■ Task description ■
Nothing is needed except the lines below that run from the one with "ヴィンテージジャングルサファリ男の赤ちゃんシャワー ギフトタグ (正面)" through the one with "Piesa Display Original", repeated exactly.

■ Listed entries ■
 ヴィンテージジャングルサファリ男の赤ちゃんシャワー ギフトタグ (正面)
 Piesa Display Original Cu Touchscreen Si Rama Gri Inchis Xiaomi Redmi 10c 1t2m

--

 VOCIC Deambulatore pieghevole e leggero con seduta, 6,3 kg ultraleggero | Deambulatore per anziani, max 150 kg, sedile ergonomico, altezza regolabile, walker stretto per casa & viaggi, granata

■ Worked solution ■
 ヴィンテージジャングルサファリ男の赤ちゃんシャワー ギフトタグ (正面)
 Piesa Display Original Cu Touchscreen Si Rama Gri Inchis Xiaomi Redmi 10c 1t2m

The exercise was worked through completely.